Le 4 juillet, le parquet de Marseille a ouvert une information judiciaire pour « coups mortels » avec arme,(…)
- Hedi, 22 ans, « laissé pour mort » à Marseille, dans la nuit du 1er au 2 juillet
Le soir de la mort de Mohamed, Hedi a été touché par un tir de LBD qui lui a causé un grave traumatisme crânien. Ce jeune homme de 22 ans, dont le témoignage est devenu viral ces derniers jours, a aussi indiqué avoir avoir été « tabassé » par un groupe de policiers de la BAC, avec plus de 60 jours d’arrêt de travail à la clef.
Quatre fonctionnaires de police ont été mis en examen le 21 juillet par un juge d’instruction pour « violences volontaires en réunion, par personne dépositaire de l’autorité publique, avec arme, ayant entraîné une ITT supérieure à 8 jours ». L’un d’eux a même été placé en détention provisoire, ce qui a provoqué l’ire des syndicats de police, mais aussi du directeur général de la police nationale, Frédéric Veaux.
« Je suis contente qu’ils les aient arrêtés, ça va dans le bon sens », réagissait auprès de Mediapart Leila, la mère de Hedi, après les mises en examen. (…)
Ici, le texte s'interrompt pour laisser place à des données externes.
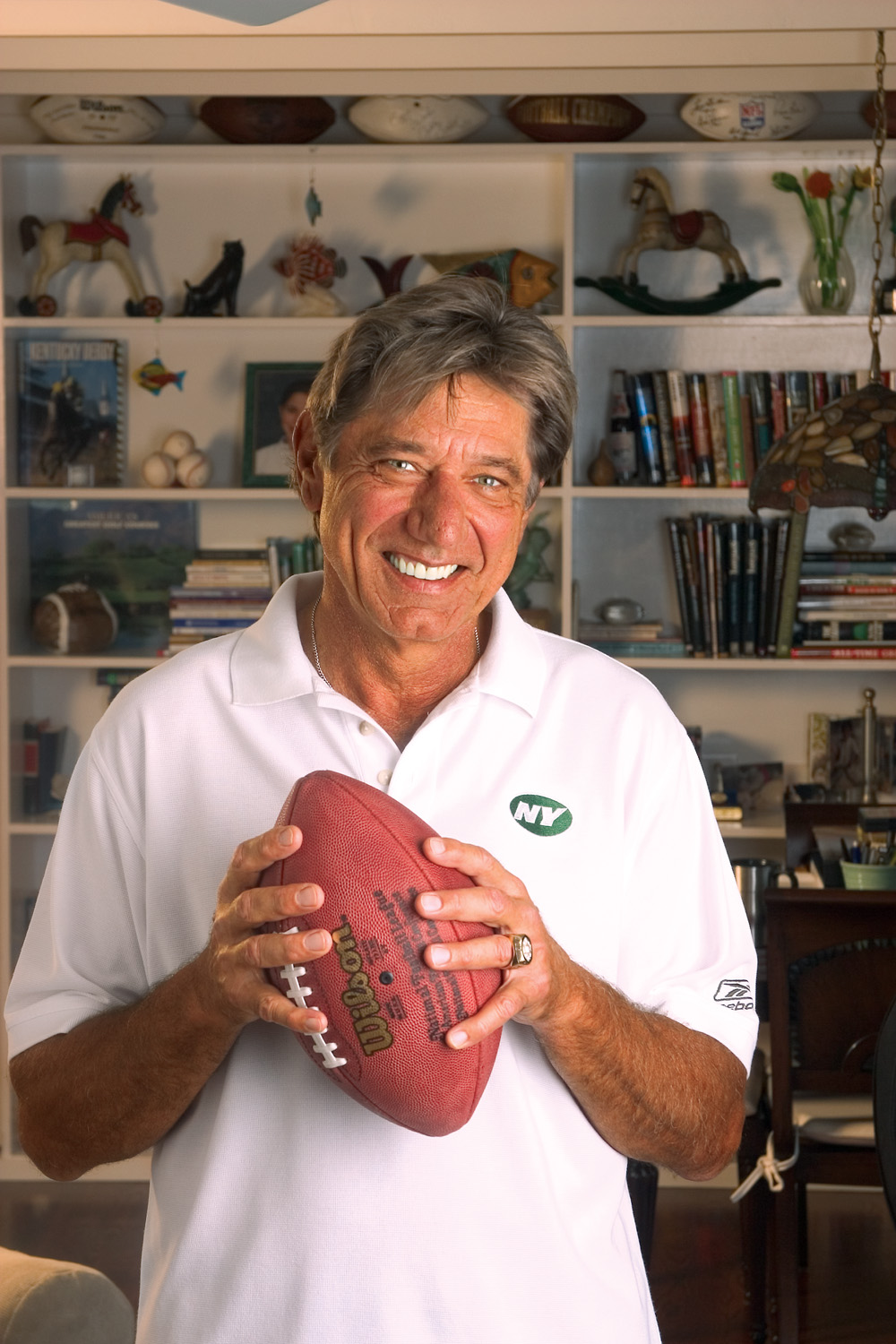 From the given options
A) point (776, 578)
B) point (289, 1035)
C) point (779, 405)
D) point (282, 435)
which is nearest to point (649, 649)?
point (776, 578)

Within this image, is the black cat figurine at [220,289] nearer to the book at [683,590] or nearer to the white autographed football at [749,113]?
the white autographed football at [749,113]

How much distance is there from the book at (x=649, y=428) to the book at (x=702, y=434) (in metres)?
0.10

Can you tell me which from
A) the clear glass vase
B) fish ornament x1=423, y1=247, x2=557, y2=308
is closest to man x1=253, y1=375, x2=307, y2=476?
fish ornament x1=423, y1=247, x2=557, y2=308

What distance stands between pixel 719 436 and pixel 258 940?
10.4 feet

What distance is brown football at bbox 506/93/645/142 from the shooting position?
3697 millimetres

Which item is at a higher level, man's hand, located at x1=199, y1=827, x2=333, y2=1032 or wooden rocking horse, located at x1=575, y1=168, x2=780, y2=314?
wooden rocking horse, located at x1=575, y1=168, x2=780, y2=314

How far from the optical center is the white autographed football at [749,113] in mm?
3607

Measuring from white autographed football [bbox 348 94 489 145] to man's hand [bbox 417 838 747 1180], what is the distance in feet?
10.2

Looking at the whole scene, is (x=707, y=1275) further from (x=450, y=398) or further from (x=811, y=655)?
(x=450, y=398)

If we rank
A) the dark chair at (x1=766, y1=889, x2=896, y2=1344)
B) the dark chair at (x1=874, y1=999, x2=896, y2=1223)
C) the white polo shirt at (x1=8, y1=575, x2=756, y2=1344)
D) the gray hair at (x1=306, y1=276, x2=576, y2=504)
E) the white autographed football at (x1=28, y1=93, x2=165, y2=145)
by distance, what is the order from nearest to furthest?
1. the white polo shirt at (x1=8, y1=575, x2=756, y2=1344)
2. the gray hair at (x1=306, y1=276, x2=576, y2=504)
3. the dark chair at (x1=874, y1=999, x2=896, y2=1223)
4. the dark chair at (x1=766, y1=889, x2=896, y2=1344)
5. the white autographed football at (x1=28, y1=93, x2=165, y2=145)

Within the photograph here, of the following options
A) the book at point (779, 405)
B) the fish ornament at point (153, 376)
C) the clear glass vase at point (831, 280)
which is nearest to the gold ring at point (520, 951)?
the book at point (779, 405)

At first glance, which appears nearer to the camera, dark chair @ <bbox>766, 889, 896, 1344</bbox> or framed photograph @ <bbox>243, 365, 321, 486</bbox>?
dark chair @ <bbox>766, 889, 896, 1344</bbox>

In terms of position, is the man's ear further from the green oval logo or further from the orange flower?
the orange flower

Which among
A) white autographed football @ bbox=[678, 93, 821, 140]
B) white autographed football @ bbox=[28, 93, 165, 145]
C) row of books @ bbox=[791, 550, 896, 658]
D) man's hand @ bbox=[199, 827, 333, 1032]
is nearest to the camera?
man's hand @ bbox=[199, 827, 333, 1032] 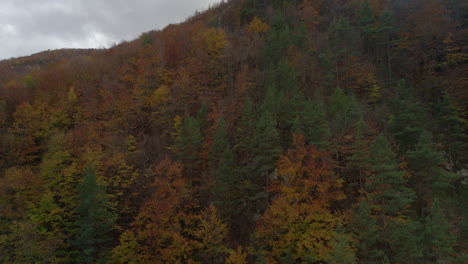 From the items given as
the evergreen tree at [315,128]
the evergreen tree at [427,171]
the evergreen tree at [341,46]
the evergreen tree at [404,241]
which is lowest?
the evergreen tree at [404,241]

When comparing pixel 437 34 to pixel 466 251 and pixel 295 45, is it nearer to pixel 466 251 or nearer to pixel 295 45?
pixel 295 45

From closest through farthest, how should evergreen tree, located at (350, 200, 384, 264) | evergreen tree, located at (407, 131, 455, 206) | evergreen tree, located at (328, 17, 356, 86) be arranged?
evergreen tree, located at (350, 200, 384, 264) → evergreen tree, located at (407, 131, 455, 206) → evergreen tree, located at (328, 17, 356, 86)

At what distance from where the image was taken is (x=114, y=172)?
35188mm

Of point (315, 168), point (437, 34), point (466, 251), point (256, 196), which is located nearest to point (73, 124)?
point (256, 196)

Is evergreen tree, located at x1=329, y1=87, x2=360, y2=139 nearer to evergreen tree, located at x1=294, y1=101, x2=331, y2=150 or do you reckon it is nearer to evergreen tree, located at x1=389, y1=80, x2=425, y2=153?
evergreen tree, located at x1=294, y1=101, x2=331, y2=150

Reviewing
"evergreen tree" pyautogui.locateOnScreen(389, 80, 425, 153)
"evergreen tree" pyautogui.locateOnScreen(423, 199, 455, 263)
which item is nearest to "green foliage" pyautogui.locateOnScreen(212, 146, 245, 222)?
"evergreen tree" pyautogui.locateOnScreen(423, 199, 455, 263)

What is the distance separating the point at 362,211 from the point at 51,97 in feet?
181

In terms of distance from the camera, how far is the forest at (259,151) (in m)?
23.0

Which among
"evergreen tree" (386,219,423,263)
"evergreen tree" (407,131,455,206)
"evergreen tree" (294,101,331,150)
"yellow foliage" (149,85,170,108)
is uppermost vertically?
"yellow foliage" (149,85,170,108)

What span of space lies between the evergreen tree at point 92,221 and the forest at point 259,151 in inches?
7.2

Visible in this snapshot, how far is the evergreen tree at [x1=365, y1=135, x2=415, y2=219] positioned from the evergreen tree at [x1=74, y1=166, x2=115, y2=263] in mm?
25484

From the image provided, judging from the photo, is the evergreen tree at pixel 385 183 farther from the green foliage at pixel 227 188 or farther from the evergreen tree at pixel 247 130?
the green foliage at pixel 227 188

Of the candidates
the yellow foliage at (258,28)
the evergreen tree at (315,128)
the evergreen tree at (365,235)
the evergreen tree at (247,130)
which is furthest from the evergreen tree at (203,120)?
the yellow foliage at (258,28)

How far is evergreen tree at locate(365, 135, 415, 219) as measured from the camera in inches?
865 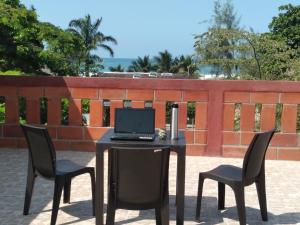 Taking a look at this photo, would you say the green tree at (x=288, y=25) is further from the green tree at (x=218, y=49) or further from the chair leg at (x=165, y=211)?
the chair leg at (x=165, y=211)

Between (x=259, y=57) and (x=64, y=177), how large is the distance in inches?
506

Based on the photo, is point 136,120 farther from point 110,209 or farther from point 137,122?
point 110,209

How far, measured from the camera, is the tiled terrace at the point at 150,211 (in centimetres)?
457

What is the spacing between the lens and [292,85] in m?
7.37

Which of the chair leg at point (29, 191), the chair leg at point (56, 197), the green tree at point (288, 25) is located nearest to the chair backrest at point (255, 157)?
the chair leg at point (56, 197)

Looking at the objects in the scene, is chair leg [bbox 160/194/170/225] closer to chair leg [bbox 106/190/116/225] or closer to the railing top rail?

- Jalil, 15 ans, éborgné par la police pendant les révoltes à Chilly-Mazarin, dans la nuit du 1er au 2 juillet
La tête baissée, l’air encore perdu, Jalil a décidé de témoigner dans StreetPress, mardi 1er août. Cet adolescent a 16 ans. Il en avait 15 quand il a perdu l’usage de son œil droit, un mois plus tôt. (…)
À la date du 24 juillet, Emmanuel Macron, qui préférait insister sur les « 900 blessés » parmi les forces de l’ordre, livrait au passage les chiffres suivants : « 28 enquêtes lancées par l’IGPN, la police des polices, et l’IGGN, l’Inspection générale de la gendarmerie nationale ». Dernier bilan disponible à ce jour.